The Cleveland National Forest Foundation is a nonprofit group dedicated to preserving the plants, animals and other natural resources of Southern California mountains by protecting the land and water they need to survive.

Few areas in North America display the concentration of plants and animals as diverse as those found in Cleveland National Forest. The chaparral, meadows and pine-oak woodlands that grace the mountains and foothills are especially rich in unique species.

President Theodore Roosevelt and Congress established Cleveland National Forest in 1906 to protect this mountainous area of Southern California. Since that time, civilization rose around all sides of this wilderness province, and the original national forest boundaries enclosing two million acres diminished to a modern-day area of 650,000.

One by one, unique wildlife and plants disappeared, including the California condor, grizzly bear, black bear, long-eared kit fox and pronghorn antelope. Today, many of the remaining plants and animals of Cleveland National Forest are threatened by urban development: puma, mule deer, golden eagle, bald eagle, California spotted owl, pond turtle, San Diego thornmint and many more mammals, reptiles, butterflies and plants. Large areas of open land are critical for their survival. The forest provides valuable watershed and grazing areas and on its mountains are found two world-class observatories.

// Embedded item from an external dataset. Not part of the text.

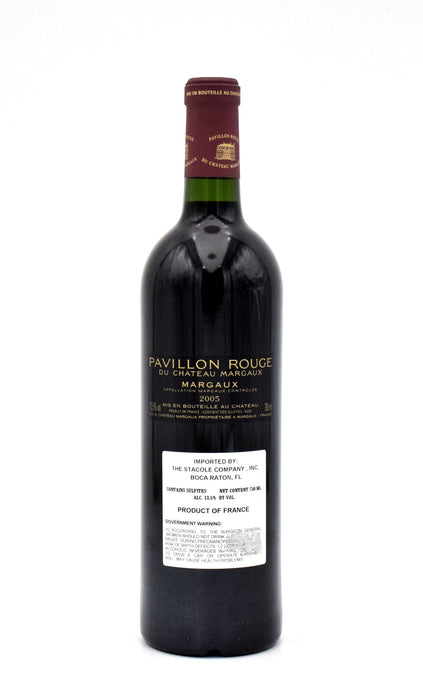 2005 Pavillon Rouge du Chateau Margaux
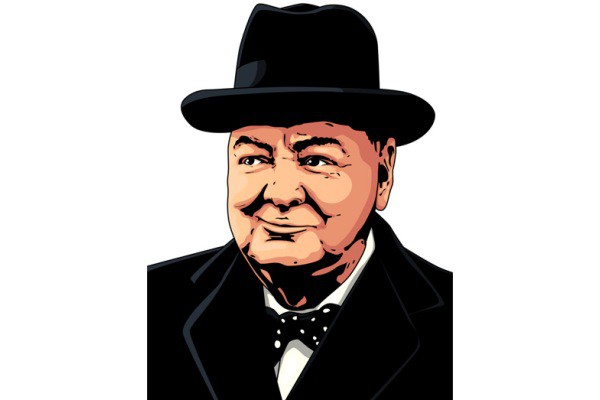 For Freedom of Speech Sir Winston Churchill Herbert R. Sim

Excessive development in this remarkable ecosystem would bring about the demise of foothill and mountain life as we know it. Like the organs of a body, the chaparral, wood-lands, meadows and streams are vital to the health of a forest. Therefore, we must vigilantly protect, defend and secure our wilderness for the well-being of all Southern Californians.

The Cleveland National Forest Foundation is committed to sustainable regional land use planning in order to stem the tide of urban encroachment of our wild-lands.